Starting down south, the 1 1/2-day boats fishing outside Ensenada are still seeing lots of tuna and are thankfully starting to catch a few of them as well. The Polaris Supreme returned to Seaforth Landing on Wednesday and reported, “After a steady pick on the nicer models up to 160lbs during the day, we had a great night bite on the 40-50lb grade and rounded out our limits for the trip. Captain Aliyar recommends 30-50# fluorocarbon and small Shimano Flat Falls and Colt Snipers. The wise angler would also be prepared with a 60-80# setup for sinker rigs and larger Flat Falls.” The weather down in that zone doesn’t look too bad on a big boat, but if you’re looking to make a long skiff run you might want to wait until mid-week.
The yellowtail bite at the Coronado Islands continues to be hit and miss with most boats scoring less than 30 fish per trip but captains reporting enough volume in the zone to produce some good scores if the fish decide to bite. Captain Ryan Bostian of the San Diego said that all techniques were working and suggested that anglers fish how they’re most confident. Speaking of being confident in your technique, Carrie Sherwood-Costa fished aboard the Legend over the weekend and reported, “We saw plenty of signs of fish, even boiling on the surface, but it was tough to get a bite.

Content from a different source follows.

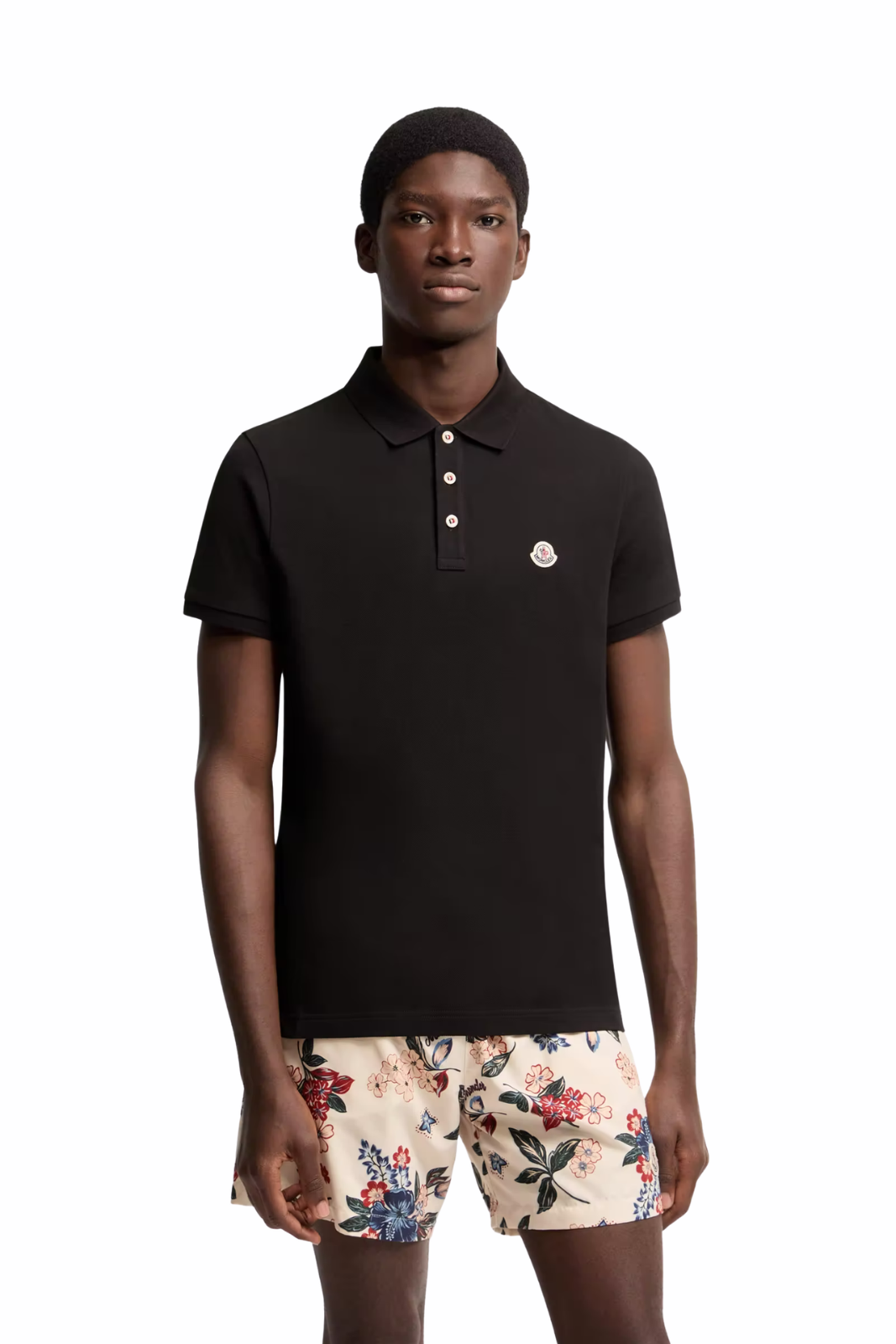 Moncler Logo Patch Cotton Full Black Polo Shirt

All of the bites came on the yo-yo iron (both small and large) and the key to success was putting your time in at the rail. It’s like that some days though and you feel lucky to just have the opportunity to get one on the deck.” Hopefully the bite will improve as we come into this new moon.
Another spot that could use some help from the new moon is San Clemente Island. Captain Jeff Markland aboard the Thunderbird out of Davey’s Locker reported “Limits of Rockfish, limits of Reds, 1 Lingcod and some Whitefish. Looked over an 8 mile stretch of shallows and saw nothing with the sonar. Fished 3 spots inside 25 fathoms for nothing. Saw one small school of Yellowtail at 0445 for nothing. Water is still very cold and off-color.” With the wind forecast to blow at the island over the next few days, I doubt anything will change overnight but we can always hope.
The weather at Catalina Island is looking good for the weekend and the fishing is pretty good.
I fished calicos there on Friday morning and the wind forced us to stick to the frontside east end. We ended up having really good fishing up shallow on hardbaits despite having to resort to fishing some of the less productive areas. The sportboats fishing the island are starting to target bonito and calico bass along with rockfish so make sure and bring appropriate tackle if you’re headed out there this weekend.
Finally, the fishing at the Channel Islands is actually pretty good when the wind gives the guys up there a break. My friend Captain Danny Ericson and his crew from the New Del Mar chartered the Aloha Spirit this week and loaded up on quality rockfish as well as catching six yellowtail and one white seabass. Water temps at Santa Cruz Island are holding up pretty well despite the wind that’s been plaguing that zone this spring so I’d imagine the fishing will continue to improve once the weather settles down a bit.